There’s no inherent good or bad here — it’s just a fundamentally different motion. The commodified products are going to be more generic and will get better as LLMs get better, and they are going to be cheaper products to buy. The more powerful and more specialized products will command a higher premium but will require more hands-on time to set up.
The value vs. price tradeoff
So why are we seeing so much comparatively low-quality AI-generated content out in the world? The short answer is because it’s cheaper than ever to generate it. If you believe that posting on LinkedIn 10x a day will get you a following regardless of what you say — or that blanketing prospects with emails will get you leads — it’s a rational choice to turn up the volume on the content and do it for pennies.
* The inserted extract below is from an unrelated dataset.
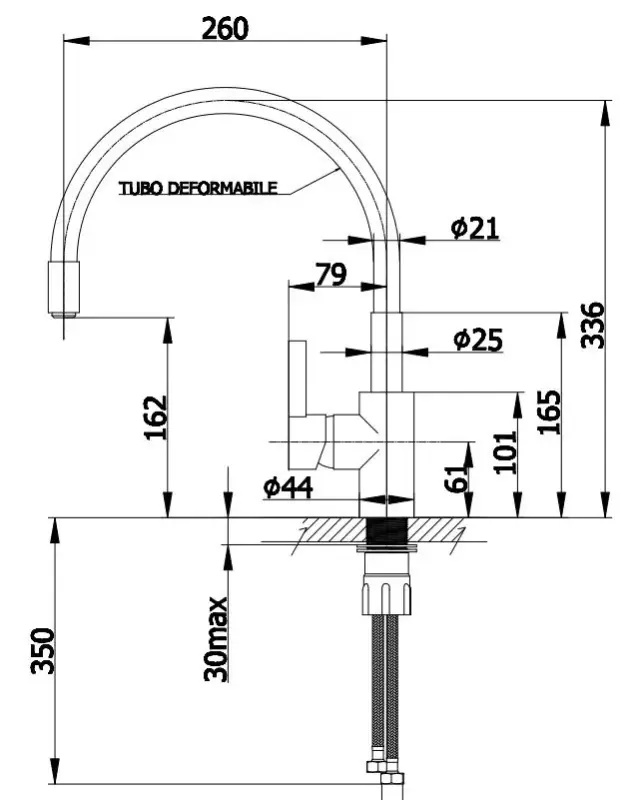 DEMM kitchen tap with swivel spout chrome/black 1208947023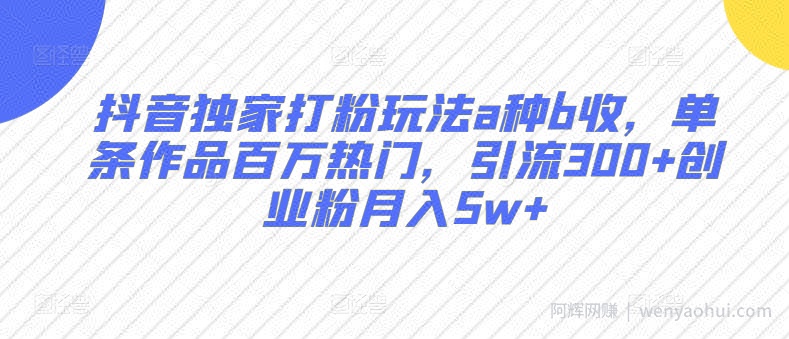抖音独家打粉玩法a种b收，单条作品百万热门，引流300+创业粉月入5w+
If, on the other hand, you care about the quality of the experience your customers or the fidelity of the results of a coding agent, you’re going to naturally be willing to pay more for the results. The expectation of those results will be much higher — not just better AI responses but also better integration, control, and visibility over agent behavior. You’re not going to get those things for $12 a month, but you will for $100k a year.
Again, there’s space in the market for both of those things, but as a customer, you should be clear about what you’re looking for, and as a builder, you should be clear which niche you’re going to go after.
Quality will win
With all that said, we do think there will be a clear difference between the commodity apps and the high-quality apps in the long run. Our hunch is that the apps that are pitched as “chatbots for X” will likely be a race to the bottom. Core models will get better, and it’s likely that the base search + generate pattern will be eventually Sherlocked by one of the hyperscalers or frontier model labs.
On the other hand, building workflows tailored to different teams and integrated into existing tooling will be significantly harder to replicate (though not impossible). More importantly, this is where real ROI is going to be shown — whether its tickets deflected, alerts triaged, or leads generated. By focusing on those key business metrics, this type of product will not only be stickier, it will create a positive feedback loop where understanding business problems better leads to more robust solutions.
Ultimately, quality does matter — if you’re trying to show real ROI. There are cases where checking a box with a minimally viable feature is fine. Not everything needs to be optimized to be perfect quality. Truly powerful products — perhaps as always — aren’t going to be set up with a point-and-click, but that doesn’t mean that the capabilities which can add real value to your workflows don’t already exist.
High-quality AI applications likely will require customization and refinement — but if they can solve your problems, they’re absolutely worth the effort.